Task details: Which lines below fall between the one containing "Republic of Turkey" and the one containing "Waist button shirring button midi skirt"? Repeat them exactly, counting both of those lines, and add nothing else.

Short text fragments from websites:
——

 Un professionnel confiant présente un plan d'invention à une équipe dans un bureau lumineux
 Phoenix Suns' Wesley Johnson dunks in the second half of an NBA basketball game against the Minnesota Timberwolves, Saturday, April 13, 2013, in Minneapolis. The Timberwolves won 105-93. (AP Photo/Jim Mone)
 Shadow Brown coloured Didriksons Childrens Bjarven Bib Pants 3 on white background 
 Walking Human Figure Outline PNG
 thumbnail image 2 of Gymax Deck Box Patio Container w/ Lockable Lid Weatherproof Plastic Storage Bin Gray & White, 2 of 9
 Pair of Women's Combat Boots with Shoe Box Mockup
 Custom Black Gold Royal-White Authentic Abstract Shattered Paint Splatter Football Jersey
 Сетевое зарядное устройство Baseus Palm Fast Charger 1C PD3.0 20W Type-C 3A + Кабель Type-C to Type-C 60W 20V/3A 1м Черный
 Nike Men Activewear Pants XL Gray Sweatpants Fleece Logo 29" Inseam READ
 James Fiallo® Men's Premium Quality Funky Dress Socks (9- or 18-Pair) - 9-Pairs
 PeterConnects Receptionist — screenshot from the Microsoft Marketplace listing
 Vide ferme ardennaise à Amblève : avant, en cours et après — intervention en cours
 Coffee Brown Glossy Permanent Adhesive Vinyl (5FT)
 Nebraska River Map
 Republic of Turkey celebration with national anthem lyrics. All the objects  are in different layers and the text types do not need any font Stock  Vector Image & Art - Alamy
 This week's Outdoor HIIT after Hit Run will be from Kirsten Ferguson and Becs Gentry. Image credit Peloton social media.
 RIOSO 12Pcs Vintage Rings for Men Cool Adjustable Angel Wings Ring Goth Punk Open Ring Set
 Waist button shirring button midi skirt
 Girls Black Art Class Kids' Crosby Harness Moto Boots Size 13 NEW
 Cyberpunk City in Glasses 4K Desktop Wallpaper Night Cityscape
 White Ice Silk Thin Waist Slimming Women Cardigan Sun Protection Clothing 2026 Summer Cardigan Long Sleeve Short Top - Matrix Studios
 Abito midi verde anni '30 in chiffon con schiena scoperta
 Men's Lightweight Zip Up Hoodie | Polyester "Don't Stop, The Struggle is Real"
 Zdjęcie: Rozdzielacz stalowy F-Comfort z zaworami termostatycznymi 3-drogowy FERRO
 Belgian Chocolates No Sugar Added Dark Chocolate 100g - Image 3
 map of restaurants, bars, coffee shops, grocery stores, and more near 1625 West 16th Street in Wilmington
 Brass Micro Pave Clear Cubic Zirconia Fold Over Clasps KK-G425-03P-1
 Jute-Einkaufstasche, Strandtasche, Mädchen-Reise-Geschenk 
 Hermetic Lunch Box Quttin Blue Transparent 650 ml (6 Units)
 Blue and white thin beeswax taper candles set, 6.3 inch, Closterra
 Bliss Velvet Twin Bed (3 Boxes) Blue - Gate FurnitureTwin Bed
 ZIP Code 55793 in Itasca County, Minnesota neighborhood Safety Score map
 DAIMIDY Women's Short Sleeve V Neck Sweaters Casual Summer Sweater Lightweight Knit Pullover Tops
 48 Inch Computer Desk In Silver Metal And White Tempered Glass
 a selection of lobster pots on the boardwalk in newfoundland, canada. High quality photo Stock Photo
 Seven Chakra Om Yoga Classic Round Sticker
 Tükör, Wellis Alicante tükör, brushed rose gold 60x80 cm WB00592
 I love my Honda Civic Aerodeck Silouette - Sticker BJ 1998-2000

——

Exercise solution:
 Republic of Turkey celebration with national anthem lyrics. All the objects  are in different layers and the text types do not need any font Stock  Vector Image & Art - Alamy
 This week's Outdoor HIIT after Hit Run will be from Kirsten Ferguson and Becs Gentry. Image credit Peloton social media.
 RIOSO 12Pcs Vintage Rings for Men Cool Adjustable Angel Wings Ring Goth Punk Open Ring Set
 Waist button shirring button midi skirt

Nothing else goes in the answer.